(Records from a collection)
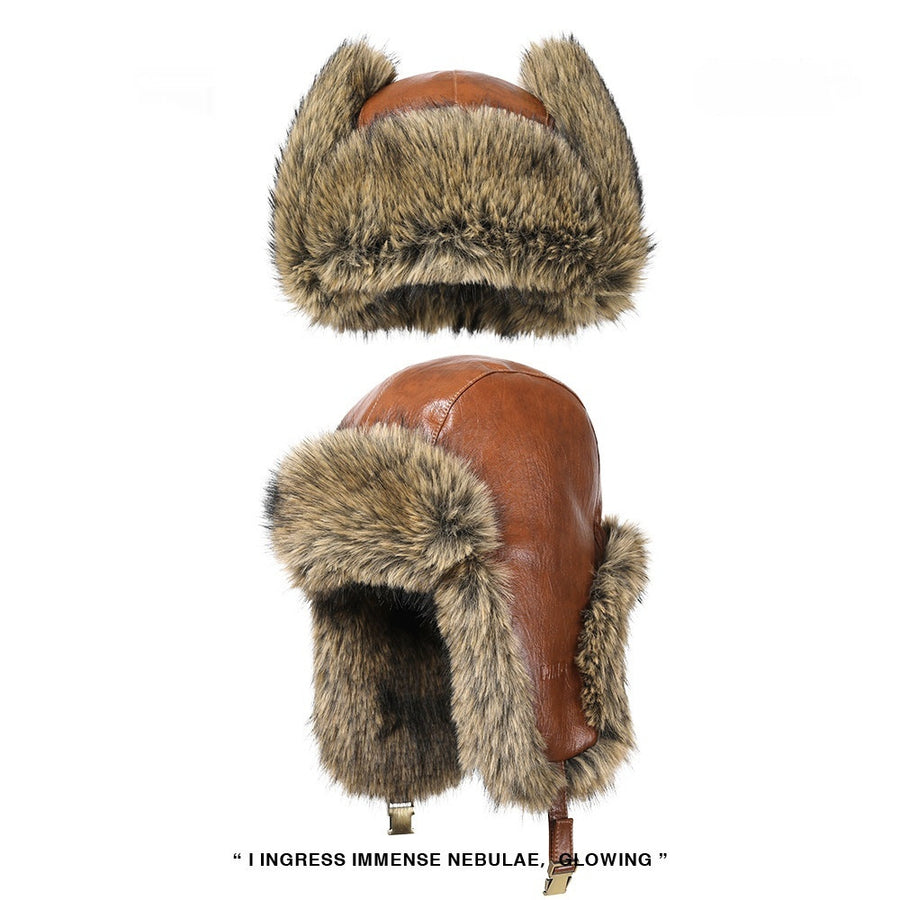 Simonetta Trapper Hat with Ear Flaps for Women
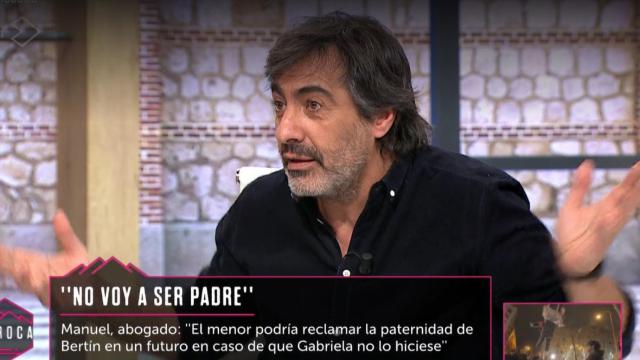 Juan del Val defiende en laSexta la decisión de Bertín Osborne de no ejercer como padre: Me parece legítimo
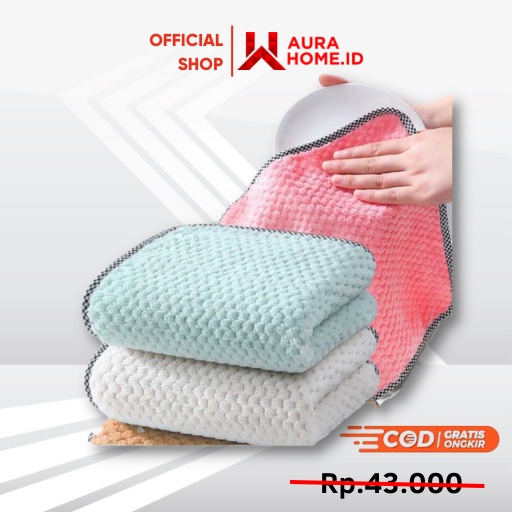 Handuk Dapur Serbaguna Kain Lap Anti Panas 5PCS / Kain Lap Tangan Anti Minyak Tahan Panas Lap Kotora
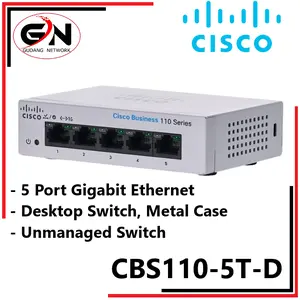 Cisco Business CBS110-5T-D Unmanaged Switch 5 Port GE Desktop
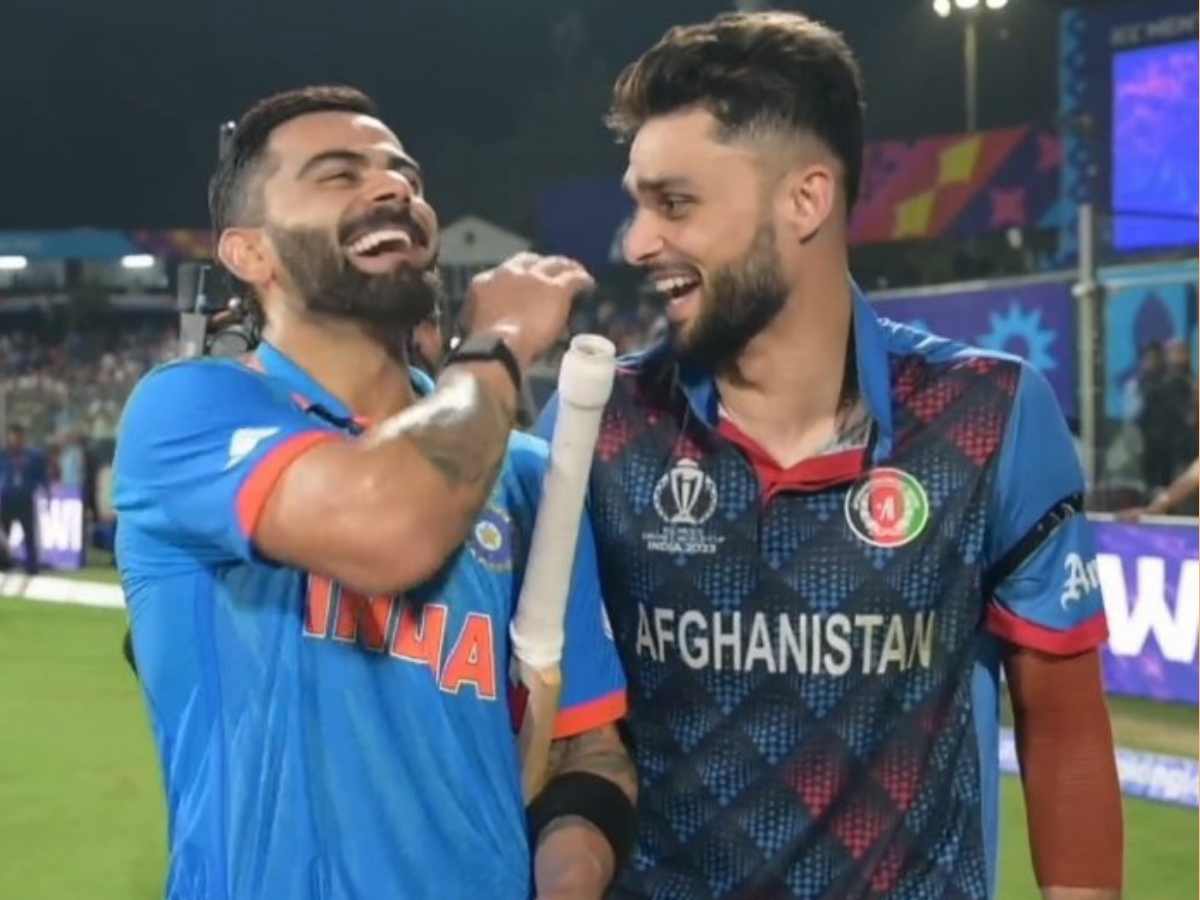 WATCH: Delhi crowd chants Naveen-ul-Haq’s name after reconciliation with Virat Kohli, Afghan pacer’s reaction in pure gold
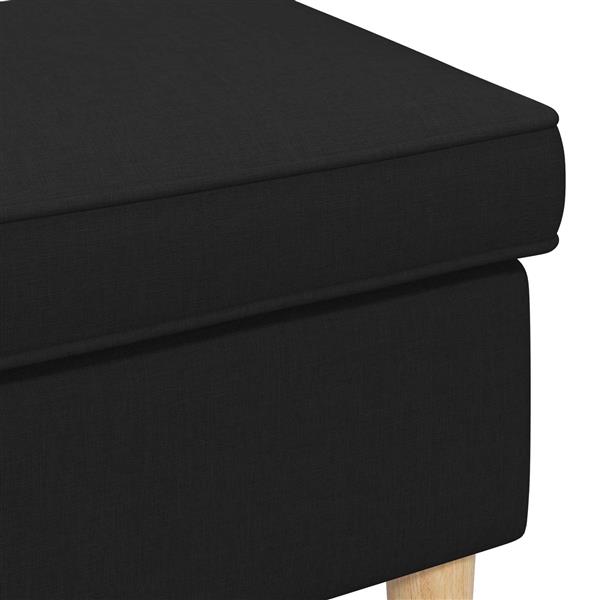 Grote foto vidaxl voetenbank 55 x 35 x 41 cm 100 polyester multiplex huis en inrichting stoelen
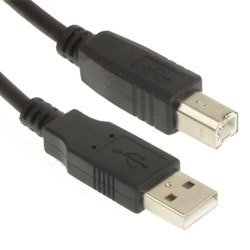 USB 2.0 Skrivarkabel (USB-A till USB-B), Längd: 5m
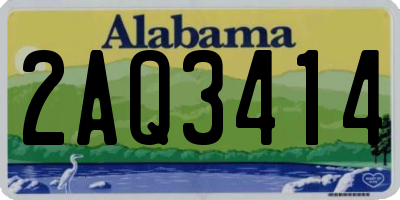 AL license plate 2AQ3414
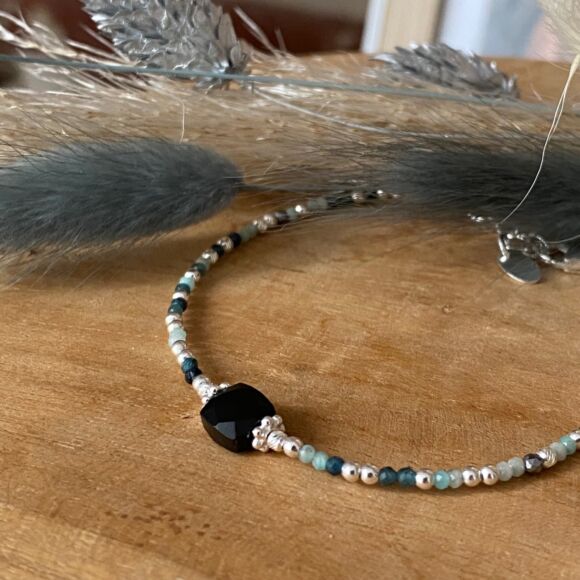 Bracelet onyx et Amazonite - Flora – Image 4
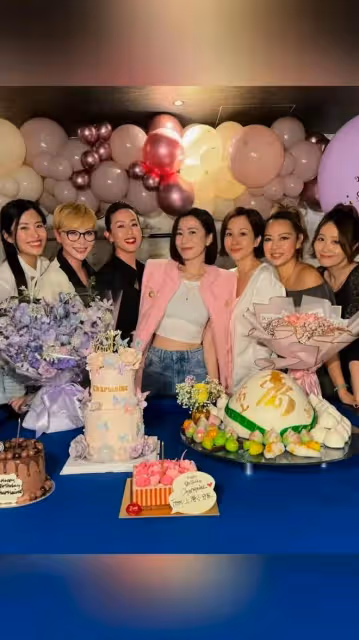 佘詩曼慶49歲生日星光熠熠!這些女星均現身!苗僑偉也來了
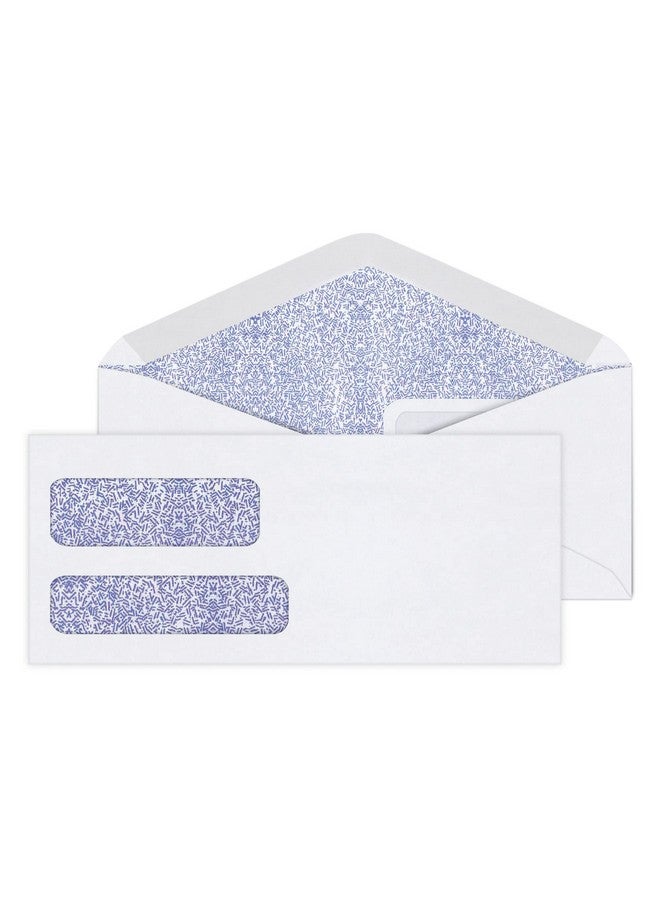 أوفيس ديبوت مظاريف ذات نافذة مزدوجة، رقم 9 (3 7/8 بوصة × 8 7/8 بوصة)، بيضاء، مقاومة للرطوبة، علبة بها 500 مظروف، 12040 - Image 1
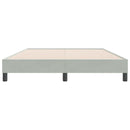vidaXL világosszürke bársony ágykeret matrac nélkül 140 x 220 cm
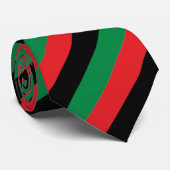 Pan-African flag Stropdas (Opgerold)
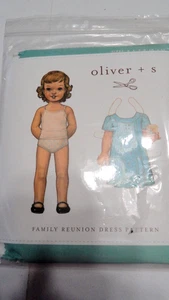 Sewing Pattern Oliver + S Family Reunion Dress 5- 12 UNCUT - Picture 1 of 3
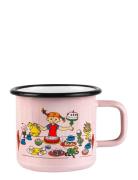 Pippi Langstrømpe Pippi's Birthday Enamel Mug 3,7Dl Rosa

EXERCISE GOAL: Whenever a picture appears, leave it out, and return every record exactly.

COMPLETED TASK:
 Simonetta Trapper Hat with Ear Flaps for Women
 Juan del Val defiende en laSexta la decisión de Bertín Osborne de no ejercer como padre: Me parece legítimo
 Handuk Dapur Serbaguna Kain Lap Anti Panas 5PCS / Kain Lap Tangan Anti Minyak Tahan Panas Lap Kotora
 Cisco Business CBS110-5T-D Unmanaged Switch 5 Port GE Desktop
 WATCH: Delhi crowd chants Naveen-ul-Haq’s name after reconciliation with Virat Kohli, Afghan pacer’s reaction in pure gold
 Grote foto vidaxl voetenbank 55 x 35 x 41 cm 100 polyester multiplex huis en inrichting stoelen
 USB 2.0 Skrivarkabel (USB-A till USB-B), Längd: 5m
 AL license plate 2AQ3414
 Bracelet onyx et Amazonite - Flora – Image 4
 佘詩曼慶49歲生日星光熠熠!這些女星均現身!苗僑偉也來了
 أوفيس ديبوت مظاريف ذات نافذة مزدوجة، رقم 9 (3 7/8 بوصة × 8 7/8 بوصة)، بيضاء، مقاومة للرطوبة، علبة بها 500 مظروف، 12040 - Image 1
vidaXL világosszürke bársony ágykeret matrac nélkül 140 x 220 cm
 Pan-African flag Stropdas (Opgerold)
 Sewing Pattern Oliver + S Family Reunion Dress 5- 12 UNCUT - Picture 1 of 3
 Pippi Langstrømpe Pippi's Birthday Enamel Mug 3,7Dl Rosa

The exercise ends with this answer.